_WHAT YOU ARE ASKED TO DO_.
Reproduce the data below in full and exclude every picture.

_DATASET CONTENT_.
◇ ◇ ◇ ◇ ◇
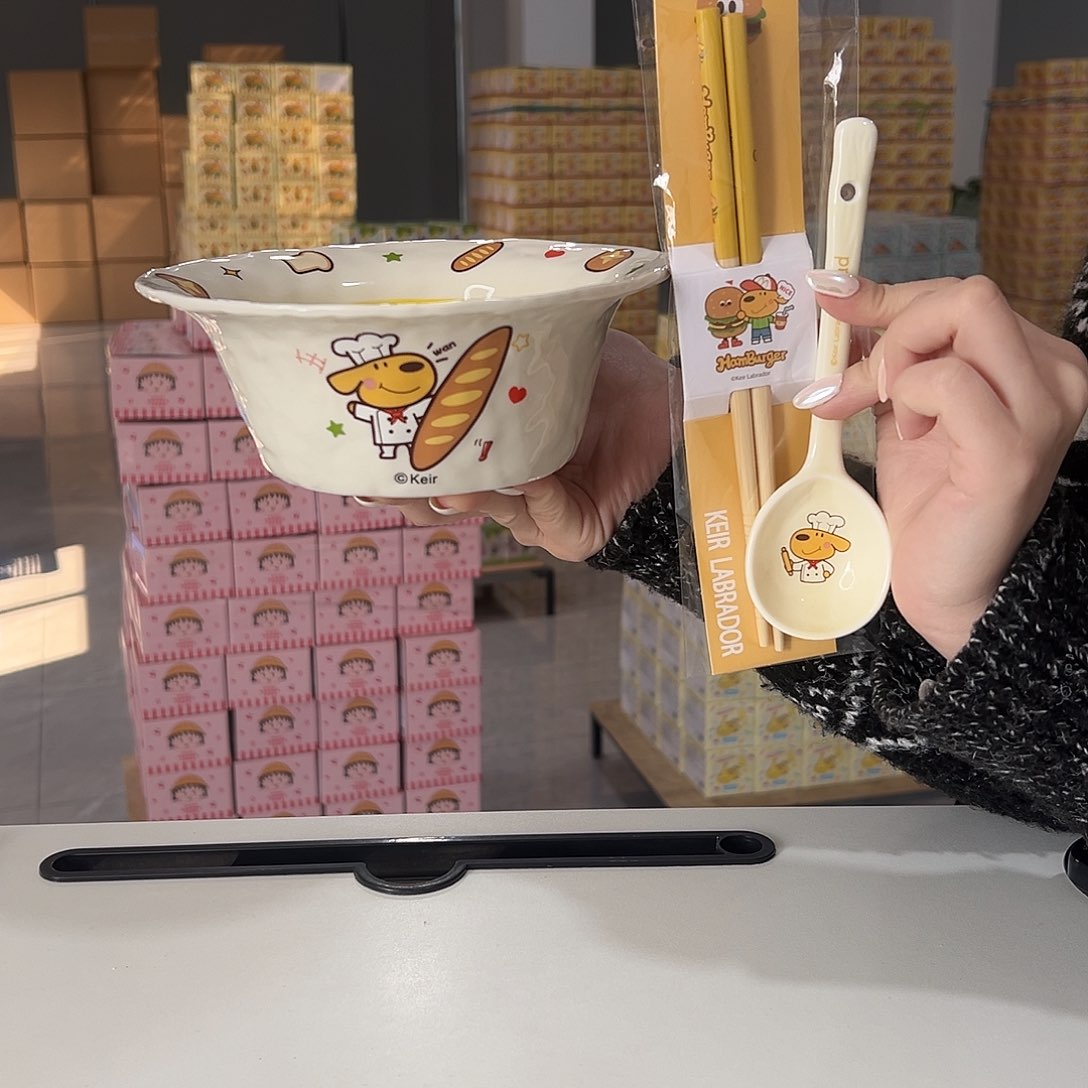 瓷197 陶瓷陶瓷陶瓷陶瓷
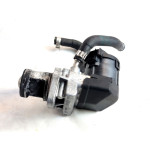 7805447 VALVOLA EGR BY PASS BMW SERIE 3 320XD E92 2.0 D 4X4 130KW 6M 2
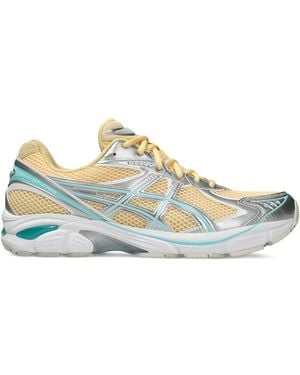 Asics Gt-2160 "larimar" Trainers - Blue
◇ ◇ ◇ ◇ ◇
_RESULT BELOW_.
 瓷197 陶瓷陶瓷陶瓷陶瓷
 7805447 VALVOLA EGR BY PASS BMW SERIE 3 320XD E92 2.0 D 4X4 130KW 6M 2
 Asics Gt-2160 "larimar" Trainers - Blue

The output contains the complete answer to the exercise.